Collected data:
◆ ◆ ◆ ◆ ◆

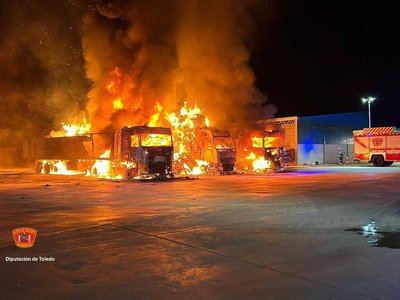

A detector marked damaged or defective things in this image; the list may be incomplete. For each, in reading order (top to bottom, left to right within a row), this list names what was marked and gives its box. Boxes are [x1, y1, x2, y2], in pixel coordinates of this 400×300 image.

charred truck frame [23, 125, 173, 179]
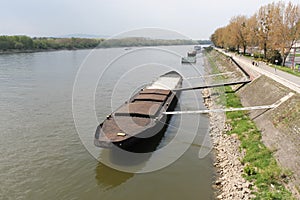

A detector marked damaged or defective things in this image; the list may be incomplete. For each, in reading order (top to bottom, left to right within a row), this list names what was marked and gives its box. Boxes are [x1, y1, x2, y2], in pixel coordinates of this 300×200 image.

rusty barge [94, 71, 183, 151]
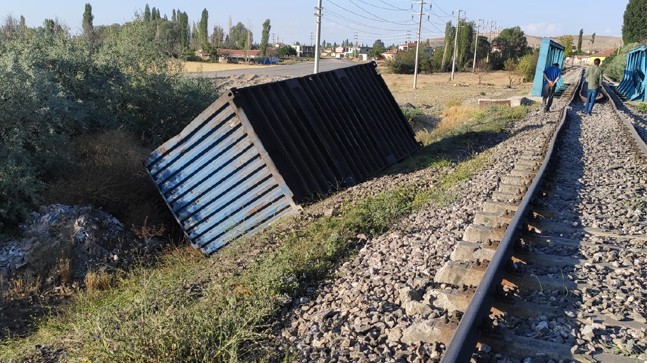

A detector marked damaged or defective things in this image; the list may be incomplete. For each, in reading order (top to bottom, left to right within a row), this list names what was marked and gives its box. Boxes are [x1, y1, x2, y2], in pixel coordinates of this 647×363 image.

damaged rail cargo [147, 61, 420, 256]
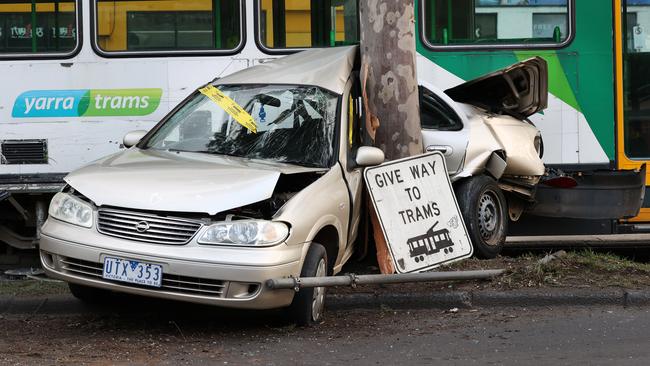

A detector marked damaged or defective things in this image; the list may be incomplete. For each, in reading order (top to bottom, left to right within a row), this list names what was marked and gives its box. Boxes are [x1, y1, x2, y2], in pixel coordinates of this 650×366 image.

cracked windshield glass [144, 84, 336, 167]
shattered windshield [144, 84, 340, 167]
crumpled car hood [66, 148, 324, 214]
crashed car [40, 45, 544, 324]
bent metal pole [266, 268, 504, 290]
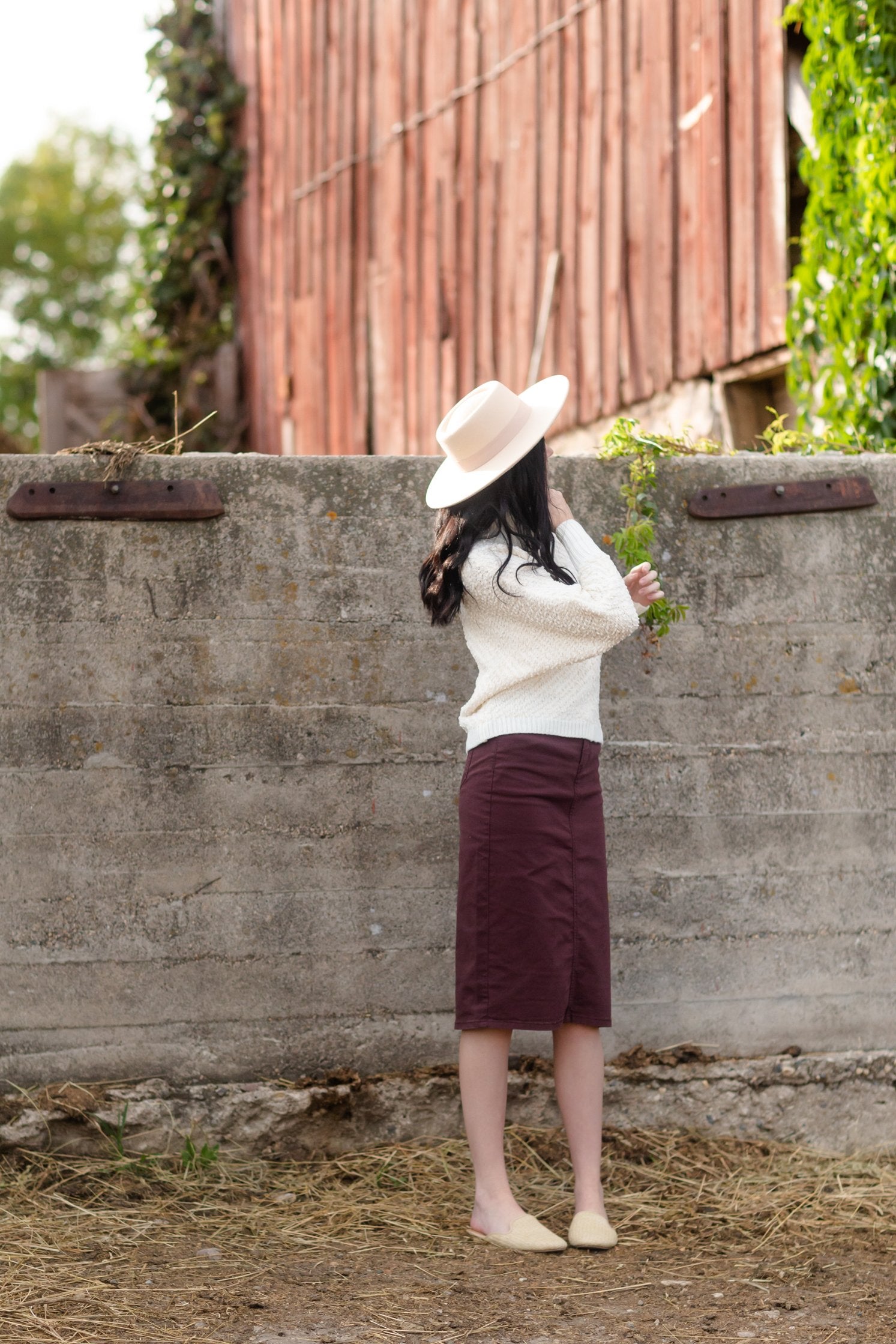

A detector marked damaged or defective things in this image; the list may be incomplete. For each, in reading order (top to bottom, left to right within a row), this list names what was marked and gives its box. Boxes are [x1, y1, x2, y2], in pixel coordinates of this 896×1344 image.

rusty metal plate [8, 478, 224, 519]
rusty metal plate [693, 473, 876, 513]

◆ ◆ ◆ ◆ ◆

Work instructions:
For this exercise, print all of the entries exactly as they appear, but without pictures.

Reply:
A detector marked damaged or defective things in this image; the list may be incomplete. For each, in reading order (top to bottom, left to right within a row), this list names what was marked and gives its box. Boxes are [x1, y1, x2, y2], in pixel coordinates of this 400×300 image.

charred truck frame [23, 125, 173, 179]

A detector marked damaged or defective things in this image; the list may be incomplete. For each, in reading order (top to bottom, left to right within a row), this list names what was marked and gives its box. Boxes are [x1, y1, x2, y2], in pixel coordinates of this 300×200 image.

rusty barge [94, 71, 183, 151]

A detector marked damaged or defective things in this image; the list may be incomplete. For each, in reading order (top to bottom, left to right within a row), this list names what was marked and gives its box. Boxes are [x1, y1, x2, y2], in pixel coordinates of this 647×363 image.

damaged rail cargo [147, 61, 420, 256]

A detector marked damaged or defective things in this image; the list may be incomplete. For each, in reading order (top to bottom, left to right within a row), this list names what was marked and gives its box. Boxes are [x1, y1, x2, y2], in pixel coordinates of this 650×366 image.

cracked windshield glass [144, 84, 336, 167]
shattered windshield [144, 84, 340, 167]
crumpled car hood [66, 148, 324, 214]
crashed car [40, 45, 544, 324]
bent metal pole [266, 268, 504, 290]

A detector marked damaged or defective things in this image; the list may be incomplete. For each, in reading order (top to bottom, left to right within a row), this list names what was marked and gives its box. Boxes are [x1, y1, x2, y2], in pixel coordinates of this 896×1344 image.

rusty metal plate [8, 478, 224, 519]
rusty metal plate [693, 473, 876, 513]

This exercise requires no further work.